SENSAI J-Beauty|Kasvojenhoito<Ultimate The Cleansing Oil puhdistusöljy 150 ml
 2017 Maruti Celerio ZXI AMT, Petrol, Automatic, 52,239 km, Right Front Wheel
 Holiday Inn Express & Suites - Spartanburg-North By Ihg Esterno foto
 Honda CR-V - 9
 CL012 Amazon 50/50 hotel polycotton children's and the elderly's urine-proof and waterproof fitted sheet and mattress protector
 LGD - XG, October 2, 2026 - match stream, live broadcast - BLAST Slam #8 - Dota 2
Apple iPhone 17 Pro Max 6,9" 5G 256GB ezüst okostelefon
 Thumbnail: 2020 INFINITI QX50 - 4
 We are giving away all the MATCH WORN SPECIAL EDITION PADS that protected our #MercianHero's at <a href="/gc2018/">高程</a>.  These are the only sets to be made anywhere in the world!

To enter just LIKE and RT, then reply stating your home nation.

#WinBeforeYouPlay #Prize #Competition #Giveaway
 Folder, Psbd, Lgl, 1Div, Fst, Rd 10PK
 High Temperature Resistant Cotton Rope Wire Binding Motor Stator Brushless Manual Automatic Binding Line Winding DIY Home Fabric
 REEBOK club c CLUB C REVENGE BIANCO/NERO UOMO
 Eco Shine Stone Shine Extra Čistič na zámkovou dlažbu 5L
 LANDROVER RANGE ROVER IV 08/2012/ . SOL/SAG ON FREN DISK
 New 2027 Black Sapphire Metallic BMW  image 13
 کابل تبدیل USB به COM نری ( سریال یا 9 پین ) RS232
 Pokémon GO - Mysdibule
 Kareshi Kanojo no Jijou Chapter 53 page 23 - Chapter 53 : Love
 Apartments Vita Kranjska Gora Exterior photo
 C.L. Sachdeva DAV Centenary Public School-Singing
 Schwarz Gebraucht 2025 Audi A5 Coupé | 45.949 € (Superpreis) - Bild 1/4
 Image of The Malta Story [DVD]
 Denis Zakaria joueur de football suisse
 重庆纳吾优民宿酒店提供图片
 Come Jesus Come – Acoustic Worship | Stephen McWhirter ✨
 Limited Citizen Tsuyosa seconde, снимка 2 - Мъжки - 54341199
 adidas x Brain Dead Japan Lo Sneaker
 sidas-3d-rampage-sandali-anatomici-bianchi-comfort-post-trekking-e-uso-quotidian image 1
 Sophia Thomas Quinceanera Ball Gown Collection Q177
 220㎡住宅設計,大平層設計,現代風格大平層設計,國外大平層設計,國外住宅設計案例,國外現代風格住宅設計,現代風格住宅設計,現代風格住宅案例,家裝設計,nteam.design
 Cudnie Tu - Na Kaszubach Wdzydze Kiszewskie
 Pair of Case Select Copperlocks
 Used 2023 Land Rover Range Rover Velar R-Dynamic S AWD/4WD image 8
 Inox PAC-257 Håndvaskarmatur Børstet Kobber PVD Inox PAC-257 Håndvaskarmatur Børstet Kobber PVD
════════════════════
The entries above must be returned exactly.

WRITTEN ANSWER:
SENSAI J-Beauty|Kasvojenhoito<Ultimate The Cleansing Oil puhdistusöljy 150 ml
 2017 Maruti Celerio ZXI AMT, Petrol, Automatic, 52,239 km, Right Front Wheel
 Holiday Inn Express & Suites - Spartanburg-North By Ihg Esterno foto
 Honda CR-V - 9
 CL012 Amazon 50/50 hotel polycotton children's and the elderly's urine-proof and waterproof fitted sheet and mattress protector
 LGD - XG, October 2, 2026 - match stream, live broadcast - BLAST Slam #8 - Dota 2
Apple iPhone 17 Pro Max 6,9" 5G 256GB ezüst okostelefon
 Thumbnail: 2020 INFINITI QX50 - 4
 We are giving away all the MATCH WORN SPECIAL EDITION PADS that protected our #MercianHero's at <a href="/gc2018/">高程</a>.  These are the only sets to be made anywhere in the world!

To enter just LIKE and RT, then reply stating your home nation.

#WinBeforeYouPlay #Prize #Competition #Giveaway
 Folder, Psbd, Lgl, 1Div, Fst, Rd 10PK
 High Temperature Resistant Cotton Rope Wire Binding Motor Stator Brushless Manual Automatic Binding Line Winding DIY Home Fabric
 REEBOK club c CLUB C REVENGE BIANCO/NERO UOMO
 Eco Shine Stone Shine Extra Čistič na zámkovou dlažbu 5L
 LANDROVER RANGE ROVER IV 08/2012/ . SOL/SAG ON FREN DISK
 New 2027 Black Sapphire Metallic BMW  image 13
 کابل تبدیل USB به COM نری ( سریال یا 9 پین ) RS232
 Pokémon GO - Mysdibule
 Kareshi Kanojo no Jijou Chapter 53 page 23 - Chapter 53 : Love
 Apartments Vita Kranjska Gora Exterior photo
 C.L. Sachdeva DAV Centenary Public School-Singing
 Schwarz Gebraucht 2025 Audi A5 Coupé | 45.949 € (Superpreis) - Bild 1/4
 Image of The Malta Story [DVD]
 Denis Zakaria joueur de football suisse
 重庆纳吾优民宿酒店提供图片
 Come Jesus Come – Acoustic Worship | Stephen McWhirter ✨
 Limited Citizen Tsuyosa seconde, снимка 2 - Мъжки - 54341199
 adidas x Brain Dead Japan Lo Sneaker
 sidas-3d-rampage-sandali-anatomici-bianchi-comfort-post-trekking-e-uso-quotidian image 1
 Sophia Thomas Quinceanera Ball Gown Collection Q177
 220㎡住宅設計,大平層設計,現代風格大平層設計,國外大平層設計,國外住宅設計案例,國外現代風格住宅設計,現代風格住宅設計,現代風格住宅案例,家裝設計,nteam.design
 Cudnie Tu - Na Kaszubach Wdzydze Kiszewskie
 Pair of Case Select Copperlocks
 Used 2023 Land Rover Range Rover Velar R-Dynamic S AWD/4WD image 8
 Inox PAC-257 Håndvaskarmatur Børstet Kobber PVD Inox PAC-257 Håndvaskarmatur Børstet Kobber PVD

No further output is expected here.